And are you saying that you, as a typical taxpayer, are demanding EVERY single piece of data and telemetry from every spacecraft/test/experiment/operation be immediately broadcast on the internet, or via some other distribution system?
Do you think that would be money well spent? All data, including that which may require intensive processing, crosschecking and expert interpretation, including telemetry from the craft?
Gee, I only speak for myself, but I'd prefer that the scientific community did their best NOT to spend my money on deluging me with data and providing the necessary interpretations, but instead got on with their job and just showed me the good stuff, or provided me with data if I could show that I needed it. I don't pretend to know better than them.
Now I also recognise that the line must be drawn somewhere, but you haven't as yet given any indication on where that line might be. Perhaps that is a good topic for another thread, but at the moment I don't see anything tangible to debate.
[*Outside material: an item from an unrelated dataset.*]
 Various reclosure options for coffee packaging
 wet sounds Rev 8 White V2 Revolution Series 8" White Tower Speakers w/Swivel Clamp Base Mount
May I also ask - are you a recognised scientist/researcher in these fields? Have you actually *asked* to receive anything that is particularly meaningful or useful to you, that is not available? If so, what?
I am neither of those, by the way, but at least three times during the various conversations I have had with space agencies (not just NASA) the result has been that the representative has happily sent me information that was 'unreleased' (or at least I couldn't find it!). On one occasion it was an image that simply wasn't online, on another a much higher resolution TIF to replace a low-res JPG, and on the third, it was a table of data and graph.
I would hazard a guess that >90% of the information coming in to these agencies would be useless without interpretation, and mostly dead boring to anyone who wasn't working in the field. And I would be horrified to learn that my money was being spent so wastefully if it was all distributed.